Z.747-750: Jedes Kind hat´s vorglesen und hat den Stern dann dazugelegt.

Also das war schon... also der Moment, wenn i dran denk... i hab mir gedacht... was tua i wenn jetzt... womöglich weint irgendana oder womöglich will jetzt ana nimma... oder... ja, dann ists so, dann muss is akzeptieren.

Jedes Kind habe es vorgelesen und hat den Stern dann dazugelegt.
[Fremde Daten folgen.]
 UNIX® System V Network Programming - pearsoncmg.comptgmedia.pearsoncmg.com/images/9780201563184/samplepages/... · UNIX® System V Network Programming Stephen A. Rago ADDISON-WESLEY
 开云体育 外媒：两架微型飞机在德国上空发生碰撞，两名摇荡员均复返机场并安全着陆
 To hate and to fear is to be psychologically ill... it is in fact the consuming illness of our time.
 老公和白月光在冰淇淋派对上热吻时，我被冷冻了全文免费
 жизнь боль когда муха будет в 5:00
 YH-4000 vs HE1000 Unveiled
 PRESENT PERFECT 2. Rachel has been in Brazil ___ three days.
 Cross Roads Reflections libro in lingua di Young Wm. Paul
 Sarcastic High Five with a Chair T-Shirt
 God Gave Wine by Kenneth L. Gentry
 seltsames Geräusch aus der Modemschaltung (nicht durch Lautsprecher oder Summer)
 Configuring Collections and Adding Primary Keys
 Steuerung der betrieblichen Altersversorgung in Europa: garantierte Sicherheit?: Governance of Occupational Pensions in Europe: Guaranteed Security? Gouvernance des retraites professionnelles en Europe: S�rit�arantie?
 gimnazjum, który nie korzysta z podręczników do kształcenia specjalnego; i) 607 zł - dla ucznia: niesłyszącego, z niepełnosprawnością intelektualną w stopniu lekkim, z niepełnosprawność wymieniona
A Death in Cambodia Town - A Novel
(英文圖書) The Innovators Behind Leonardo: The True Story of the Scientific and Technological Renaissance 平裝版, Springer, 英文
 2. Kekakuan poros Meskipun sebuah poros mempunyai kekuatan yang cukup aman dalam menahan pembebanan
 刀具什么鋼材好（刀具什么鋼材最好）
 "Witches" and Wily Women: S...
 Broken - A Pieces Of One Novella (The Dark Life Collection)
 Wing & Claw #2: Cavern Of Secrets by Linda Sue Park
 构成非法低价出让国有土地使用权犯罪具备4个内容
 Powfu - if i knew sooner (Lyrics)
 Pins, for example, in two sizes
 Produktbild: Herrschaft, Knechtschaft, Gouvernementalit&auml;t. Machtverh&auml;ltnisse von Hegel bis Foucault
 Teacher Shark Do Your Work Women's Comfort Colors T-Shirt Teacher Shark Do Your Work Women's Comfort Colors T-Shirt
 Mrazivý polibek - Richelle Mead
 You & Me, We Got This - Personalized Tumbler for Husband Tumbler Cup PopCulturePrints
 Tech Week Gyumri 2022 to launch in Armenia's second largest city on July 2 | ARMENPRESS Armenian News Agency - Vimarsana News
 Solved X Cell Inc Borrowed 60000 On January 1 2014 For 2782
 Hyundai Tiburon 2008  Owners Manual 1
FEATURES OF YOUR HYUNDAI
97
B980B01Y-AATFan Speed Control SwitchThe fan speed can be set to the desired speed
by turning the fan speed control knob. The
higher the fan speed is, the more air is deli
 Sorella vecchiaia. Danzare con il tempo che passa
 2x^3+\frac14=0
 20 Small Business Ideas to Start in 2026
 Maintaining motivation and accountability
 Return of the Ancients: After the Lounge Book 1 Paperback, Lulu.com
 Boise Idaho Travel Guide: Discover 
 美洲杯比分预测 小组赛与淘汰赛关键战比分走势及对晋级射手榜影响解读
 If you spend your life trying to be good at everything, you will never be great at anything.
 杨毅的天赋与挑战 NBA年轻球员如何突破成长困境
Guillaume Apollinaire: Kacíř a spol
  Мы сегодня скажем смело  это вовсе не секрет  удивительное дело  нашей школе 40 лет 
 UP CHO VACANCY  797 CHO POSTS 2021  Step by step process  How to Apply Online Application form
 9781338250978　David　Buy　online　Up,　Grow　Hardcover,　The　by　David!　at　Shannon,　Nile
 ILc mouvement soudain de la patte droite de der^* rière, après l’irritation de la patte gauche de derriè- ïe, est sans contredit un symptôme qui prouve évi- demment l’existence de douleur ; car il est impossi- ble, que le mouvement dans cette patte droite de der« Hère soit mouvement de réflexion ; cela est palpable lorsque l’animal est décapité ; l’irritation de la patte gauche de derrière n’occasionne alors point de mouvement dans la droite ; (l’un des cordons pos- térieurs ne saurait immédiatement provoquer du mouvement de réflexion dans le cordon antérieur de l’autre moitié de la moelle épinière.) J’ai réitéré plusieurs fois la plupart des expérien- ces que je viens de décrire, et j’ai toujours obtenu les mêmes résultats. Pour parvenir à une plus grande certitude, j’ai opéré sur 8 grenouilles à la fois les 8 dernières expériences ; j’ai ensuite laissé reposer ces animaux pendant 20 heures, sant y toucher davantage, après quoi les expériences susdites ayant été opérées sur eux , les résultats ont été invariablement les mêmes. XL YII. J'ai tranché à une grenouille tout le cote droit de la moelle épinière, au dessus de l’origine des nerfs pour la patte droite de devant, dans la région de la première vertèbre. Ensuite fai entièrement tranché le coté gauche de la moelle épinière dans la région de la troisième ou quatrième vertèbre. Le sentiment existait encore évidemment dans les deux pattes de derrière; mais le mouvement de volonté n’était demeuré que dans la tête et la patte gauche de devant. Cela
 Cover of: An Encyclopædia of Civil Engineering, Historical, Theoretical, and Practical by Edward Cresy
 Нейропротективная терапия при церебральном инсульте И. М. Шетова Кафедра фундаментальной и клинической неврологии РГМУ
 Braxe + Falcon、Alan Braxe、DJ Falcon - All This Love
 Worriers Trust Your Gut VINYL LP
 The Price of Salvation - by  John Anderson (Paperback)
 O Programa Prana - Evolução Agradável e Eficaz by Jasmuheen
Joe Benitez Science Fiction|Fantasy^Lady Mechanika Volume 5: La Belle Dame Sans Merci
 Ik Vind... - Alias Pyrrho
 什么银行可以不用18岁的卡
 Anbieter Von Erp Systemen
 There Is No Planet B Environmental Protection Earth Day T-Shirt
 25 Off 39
Wenn die Lehrerin daran denken würde, wäre das schon ein Moment gewesen, wo sie sich überlegt habe, was sie tun hätte sollen, wenn ein Kind zu weinen begonnen oder nicht mehr gewollt hätte. Dann wäre es eben so gewesen und die Lehrerin hätte das akzeptieren müssen.

Etwaige unerwartete Emotionen der Kinder reflektierte sie erst während des Projektes und gab an, dass sie diese dann, „akzeptieren“ hätte müssen. Dann wäre ihrer Ansicht nach, das Projekt, vor allem, wie sie es sich vorstellte, vorbei gewesen.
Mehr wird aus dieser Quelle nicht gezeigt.